The identification strategy combines three ingredients. A large sample of 2008 to 2015 HMDA loans matched to Freddie Mac performance data. A rich control vector for creditworthiness (FICO, LTV, DTI, property characteristics, geography). A difference-in-differences comparison across lender types that sweeps out unobserved borrower risk that is uniform across channels.
### The Bartlett decomposition
Define the pricing model for borrower $i$:
$$
R_i = \beta_0 + \beta_A A_i + \beta_X^\top X_i + \varepsilon_i,
$$ {#eq-bartlett-rate}
where $R_i$ is the locked interest rate on the mortgage, $X_i$ stacks observable risk characteristics, and $A_i$ is the protected attribute. The identification assumption is that $X_i$ is sufficient to capture legitimate underwriting differences, leaving $\beta_A$ as a residual pricing gap. Blinder-Oaxaca decomposition from @blinder1973wage and @oaxaca1973male expresses the raw rate gap between groups as
$$
\bar{R}_1 - \bar{R}_0
= \underbrace{\hat{\beta}_X^\top (\bar{X}_1 - \bar{X}_0)}_{\text{explained: risk differences}}
+ \underbrace{\hat{\beta}_A}_{\text{unexplained: residual gap}},
$$ {#eq-bartlett-oaxaca}
with the familiar caveat that the split depends on the choice of reference coefficients and that @fortin2011decomposition cover threefold and counterfactual variants. @bartlett2022consumer's $\hat{\beta}_A$ is the quantity flagged for legal scrutiny: after controlling for risk, is there still a premium attached to group membership?

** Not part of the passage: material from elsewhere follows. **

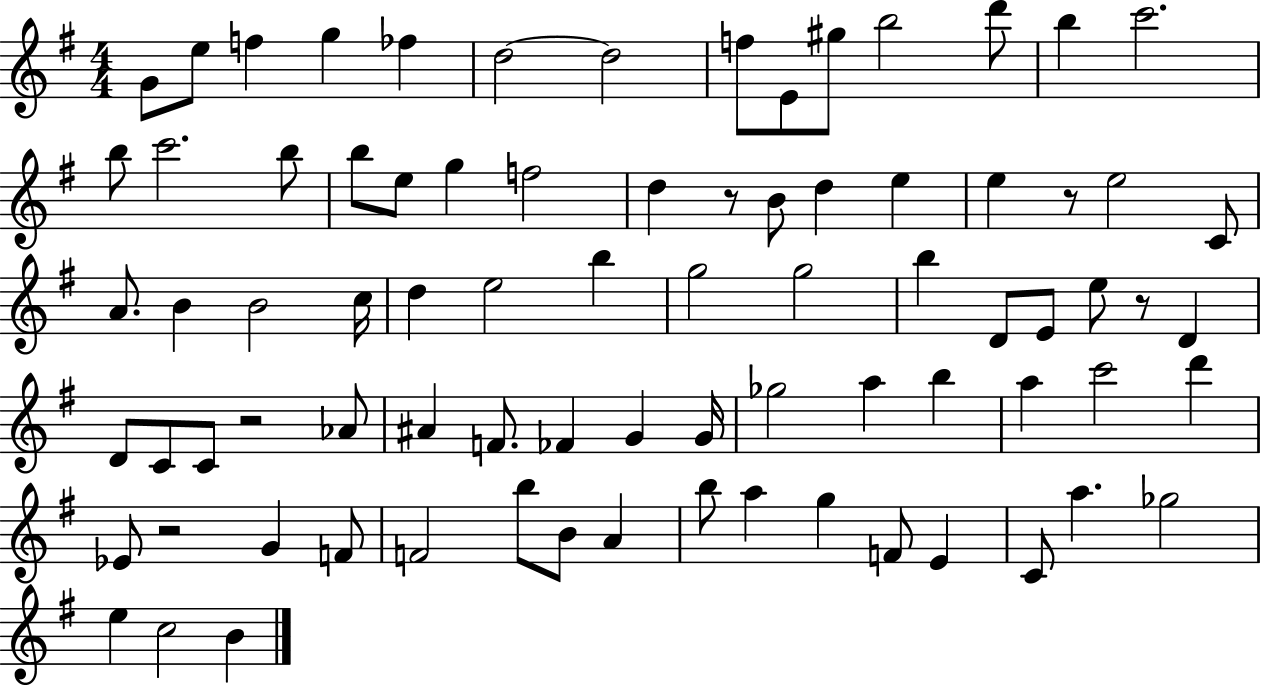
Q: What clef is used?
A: treble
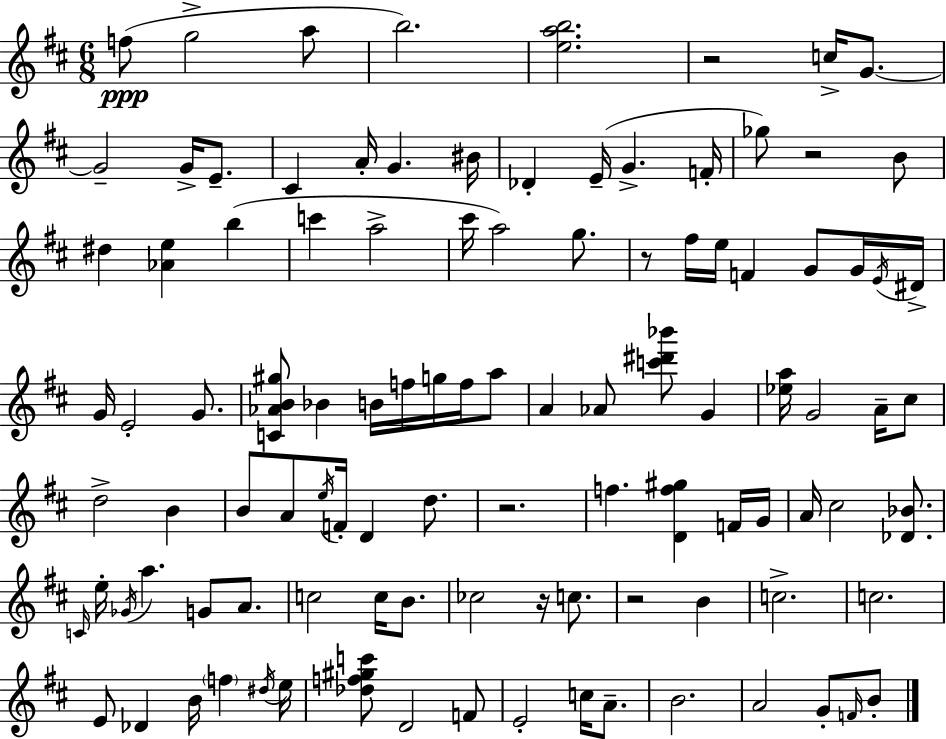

For the accept/reject margin, the analog is a linear probability or probit specification
$$
\mathbb{P}[\hat{Y}_i = 1 \mid X_i, A_i] = \Phi(\gamma_0 + \gamma_A A_i + \gamma_X^\top X_i),
$$ {#eq-bartlett-accept}
and $\hat{\gamma}_A$ measures residual approval disparity.
@bartlett2022consumer then decompose total discrimination as $D = D_{\text{accept}} + D_{\text{price}}$. They find that in FinTech mortgages, $D_{\text{accept}} \approx 0$ but $D_{\text{price}} > 0$. Algorithmic lenders reject at essentially race-blind rates but they still charge minorities more.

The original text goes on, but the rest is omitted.